Q: In our ongoing pursuit to retain (and grow) women leaders in our organization, what is the role of adding sponsors to our arsenal? How do we go about creating these opportunities for talented women that we’ve identified as having high potential?
A: I don’t think it’s out of line to suppose that every woman, at least a handful of times during her career, has heard or read the often-discouraging news about their chances for advancement in corporate America. While the proportion of women in senior management roles is growing – to a record 31 percent as of 2021, according to Catalyst – the journey to the C suite often feels like a daunting or impossible one for many women in their mid-to-late careers.
Thankfully, more and more companies are attempting to take steps to remedy this through sponsorship programs – but even those well-meaning endeavors can be rife with challenges. HR leaders must spearhead these movements with a clear-cut understanding of what sponsorship is, how sponsorships can spearhead career growth for high-potential women, and what value these programs can bring to organizations when done well.
Mentorship vs. sponsorship
Many companies have indeed implemented mentorship programs but there’s also a reigning sense that members of organizations can just go out and get a sponsor. That is not the case; mentors help early- and mid-career individuals work through career issues and while sponsors can also do that, that is not their primary function in the life of an employee looking to move upward in their career.
This is an important distinction talent managers must understand because it will guide your implementation of sponsors into your arsenal. Sponsors are individuals that, because of their position within and outside the organization, have the power and ability to provide employees with opportunities.
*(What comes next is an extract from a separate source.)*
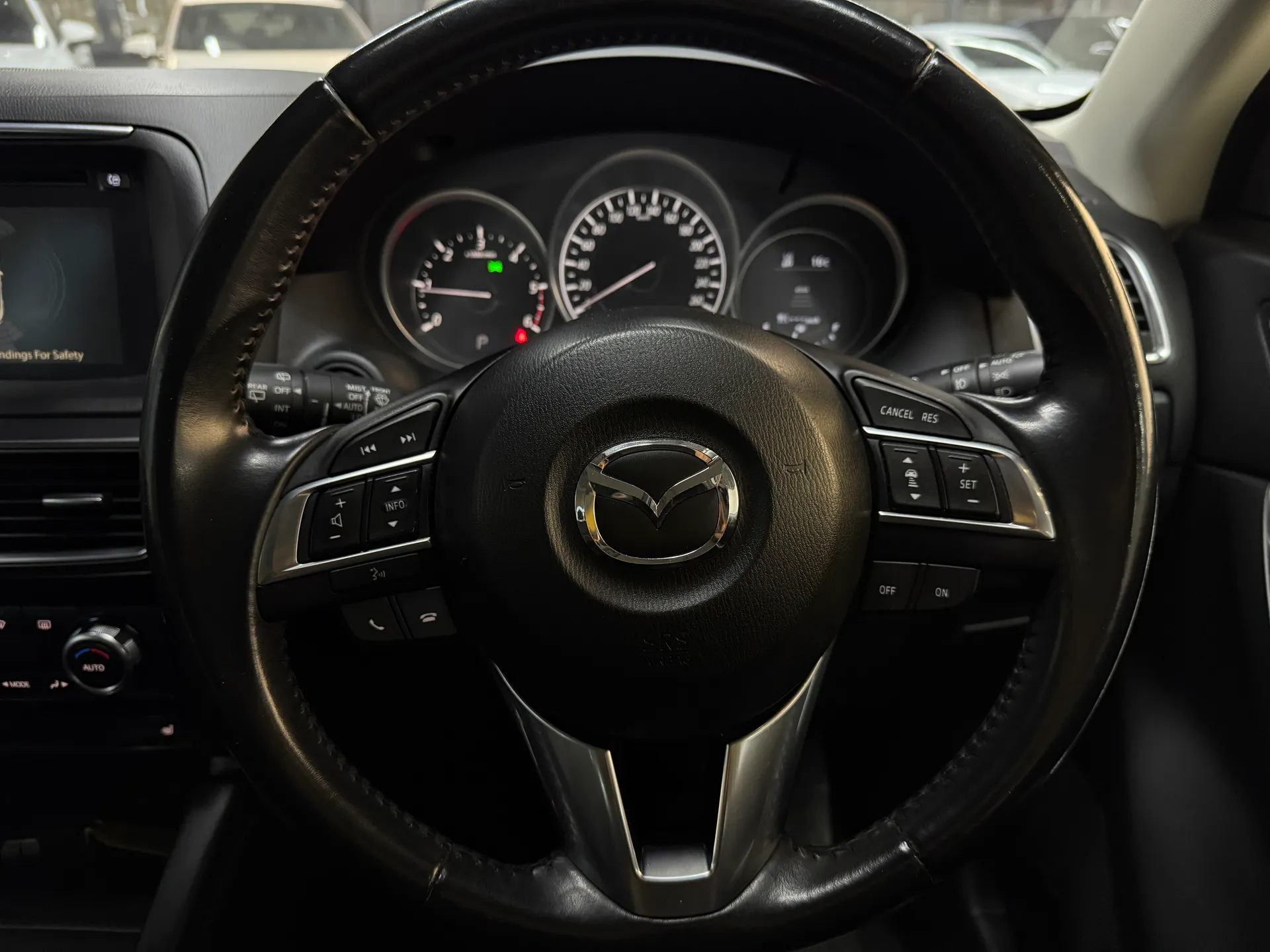 2016 Mazda CX-5 6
It’s a more formal arrangement and one that comes with an immense amount of social capital.
Women are often over-mentored and under-sponsored compared to their male partners, which can severely hamper their career advancement. That’s why HR professionals must remain intentional about the setup – and makeup – of any sponsorship program they establish.
Assess how your organization sees potential
If you’re seeing a gap in the upward movement of men versus women in your organization, that indicates a problem. But once you identify this trend, the next step is understanding there’s no single solution to this problem.
Assessing how managers and HR professionals within your organization view potential is an essential first step. Is there bias in how you’re identifying potential that excludes marginalized people like women, LGBTQ+ individuals and people of color? Is the model you’re using to assess potential informed by men? From those findings, develop some methodology your managers can use to understand the lens through which they should be looking at potential and offer them guidance on how to have those conversations with high-potential employees.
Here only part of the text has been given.